As much fun as going to the beach can be, it can also be a lot—a lot of noise, a lot of people, and a lot of wet and gritty sensations. In this book, we meet a little boy on the autism spectrum who finds the beach to be too much sensory stimulation. His father (who remains calm and steadfast throughout the book) gives him techniques to help self-regulate until they can get to a quiet area of the beach. It’s a much-needed story of what life can be like for neurodiverse children and ways families can create experiences suited to these children’s needs. It’s empathetic, joyful, and sweet.

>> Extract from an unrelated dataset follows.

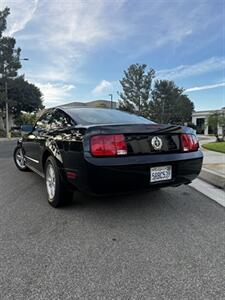 2005 Ford Mustang V6 Deluxe   - Photo 4 - Anaheim, CA 92805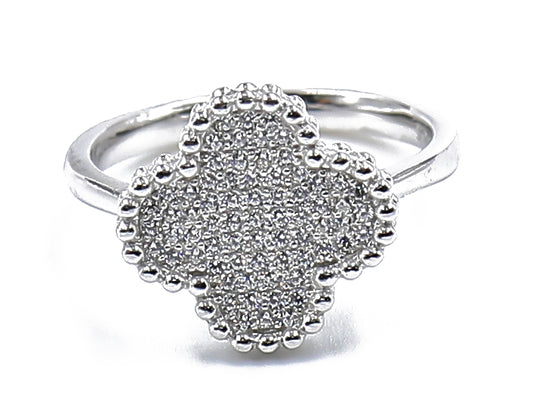 Charming Classic Ring from Lumie Collection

And who doesn’t enjoy a day like that?


Penguin on Vacation

written and illustrated by Salina Yoon

Penguin on Vacation is my favorite book from Salina Yoon’s Penguin series. In it, Penguin gets tired of all the ice and snow in Antarctica, so he decides to take a trip to the beach. But it turns out that at the beach you can’t skate, ski, or sled. What’s a Penguin to do? Just when Penguin is giving up on the idea of a fun vacation, he meets Crab, who shows him how to really enjoy the seaside. Then, when Penguin’s vacation is done, Crab decides to take a trip of his own and visit Penguin. It’s an adorable story that features sea, sand, and snow for lots of seasonal learning and fun.


Where Three Oceans Meet

by Rajani LaRocca, illustrated by Archana Sreenivasan

In this story that goes well beyond the typical beach book, a girl named Sejal and her mother have traveled to India to visit Sejal’s grandmother. The three discuss what they want to do, who they want to see, and how they want to travel, and Sejal would like to see what’s at the end of the earth. Then we follow along on a family vacation that connects generations across continents and oceans, until we reach the tip of India and the end of the earth—the place where three oceans meet, and three generations of women do as well. It’s a story for anyone who lives far from family or struggles to connect across cultural divides, in which love for one another brings everyone together, with a little help from the beach.


Tía Isa Wants a Car

by Meg Medina, illustrated by Claudio Muñoz 

Tía Isa wants a car so she can drive to the beach. And she wants one big enough to fit her whole family, those who live in America with her and those still in the old country. She wants it to recall the beaches of home. But cars are expensive, and saving takes a long time. Tía Isa’s niece falls in love with the idea of a car, too, and the opportunity to visit the beach, far from the neighborhood she never gets to leave. So the girl begins to find odd jobs, saving to help make Tía Isa’s dreams come true. In this book about a goal that symbolizes the American Dream, we see a family working together to manifest amazing things. Culturally relevant and wonderfully optimistic, this is a beach story that will have you believing in dreams again.